Glance at the Diocese of Waikato website and you learn that Bishop Moxon has been “heavily involved in liturgical education and development.”

He’s taken a lead in the development in Local Shared Ministry, and he presently co-chairs this country’s Anglican /Roman Catholic Commission. He also represents New Zealand on the Australasian Committee of St George’s College, Jerusalem, and the Australasian Advisory Council on the Religious Life.

As well as being the liaison bishop for Anglican religious in Aotearoa New Zealand and Polynesia, he also represents the bishops on the Tikanga Pakeha Anglican Care Network.

“All of these things,” he reports, “reflect major passions of mine. None of them is a duty: they all are a joy.

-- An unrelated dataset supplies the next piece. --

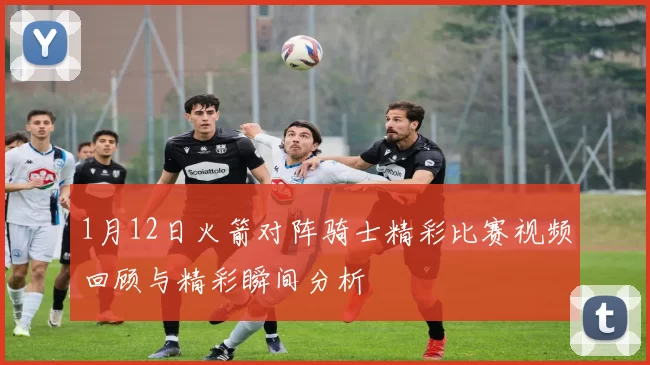 1月12日火箭对阵骑士精彩比赛视频回顾与精彩瞬间分析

“In fact, there are two things that the church needs to do most urgently: warm up the liturgy in creative ways, so that it offers people a multi-dimensional experience of the Spirit of God; and secondly, we need to become much more engaged with our communities in service and prophetic action.”

His tupuna’s treasure

The more I learn about Archbishop David Moxon, the more I sense that experiences from his past – even from generations past – have not been random, chance phenomena. Nothing of value has been discarded.

His boyhood Anglican formation, his early experience of multicultural things; his introduction to Franciscan spirituality, his studies in psychology, even his loss of faith during his student years – all have contributed to the making of the man we see now.

He agrees: “One of the lovely things I’ve found as I get older is to discover my taproots. For example: I’m developing a deeper and deeper love for my mother’s great, great grandparents, James and Mary Preece, the Urewera missionaries.

“I’m amazed by them and treasure their example. They had terrible lives. They’d lost children, they had been very ill, misunderstood, and suffered terrible loneliness … they had planted three missions, and each did well in their own way, in spite of difficulties.

“Bishop Selwyn refused to ordain James Preece because he couldn’t read New Testament Greek. Somebody said I was his revenge…

“And at the end of his life, just before he died, James Preece wrote in his journal: ‘I would do it all again, for the privilege of sharing the immeasurable riches of Christ.’

“That sums up my psychology of being Christian. We are earthen vessels, which hold this amazing treasure. We might be cracked pots, or half-baked pots … but we hold this amazing treasure. That’s how I can live with myself, and how I hope I see other people.”